By now, you've probably heard the statistic that only about 9 percent of plastics actually get recycled, with the rest winding up in landfills and oceans. To combat the plastic crisis, many eco-conscious people are turning away from the material — but a group of scientists from Berkeley, Calif. are instead trying to change the material. According to a study, the scientists developed a new form of plastic that actually allows for a closed-loop and zero-waste recycling process. The plastic is called poly(diketoenamine) or PDK.
Four researchers from the Molecular Foundry at the Lawrence Berkeley National Laboratory in Berkeley, Calif. conducted the study, which was published by the journal Nature Chemistry. As explained in the study's abstract, the scientists discovered that if plastics "undergo reversible polymerization," then high-value monomers can be recovered and re-manufactured into new materials. The scientists add that PDK plastic will remain just as strong and valuable after each time it is recycled, unlike traditional plastic. (More on that in a moment.)
According to a press release by the Berkeley Lab News Center, the scientists were running tests on PDK when they discovered how it could be a closed-loop plastic. Researcher Peter Christensen was applying different acids to glass used to make PDK adhesives, when he noticed that the adhesive’s composition had changed back to its original monomers.

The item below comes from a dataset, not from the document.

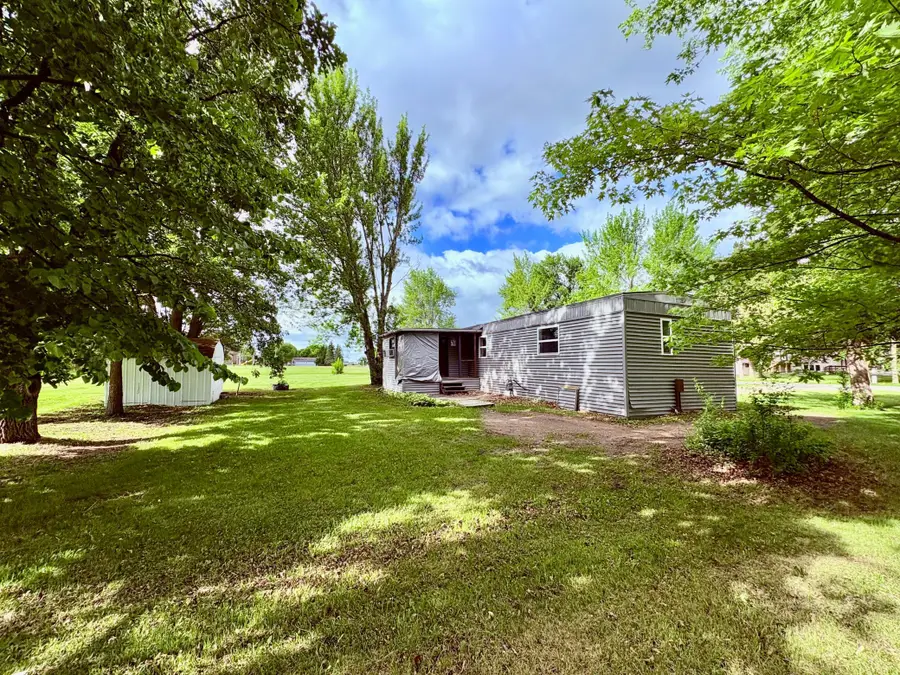 210 3rd Avenue Sw, Baudette, MN 56623 - #3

The researchers continued running tests on PDK, and they also found out that acid can separate monomers from additives. In traditional plastic recycling, additives cannot be separated from monomers. The scientists continued playing around with PDK, until they discovered that PDK monomers could be remade into polymers that could form completely new plastic materials.
“We’re at a critical point where we need to think about the infrastructure needed to modernize recycling facilities for future waste sorting and processing,” lead researcher Brett Helms said in a statement to Berkeley Lab News Center.
“If these facilities were designed to recycle or upcycle PDK and related plastics, then we would be able to more effectively divert plastic from landfills and the oceans," Helms continued. "This is an exciting time to start thinking about how to design both materials and recycling facilities to enable circular plastics."
All that being said, why exactly is there a need for plastic and its recycling process to be revamped? Well, unlike aluminum or glass, plastic can only be recycled a finite number of times — usually once or twice, according to Earth911. That's because when plastics are recycled mechanically, the polymer properties degrade and the structure of the plastic gets weaker.
Plus, fillers, dyes, and chemicals added to plastic items make it harder to recycle plastics. After being recycled once or twice, plastic can only be downcycled into things like park benches, polyester fabric, and drainage pipes, according to O.Berk. Those items are not recyclable, and at their end of life, they will go to landfill. Additionally, at the moment, recycled plastic is often more costly than virgin plastic for manufacturers, so there is less of a demand for recycled plastics.
However, PDK could hold the potential to change the way plastic recycling works. It would probably take a while for PDK to replace traditional plastic, and for PDK recycling to replace traditional recycling. But if it ever does, so much plastic could be saved from landfills and oceans.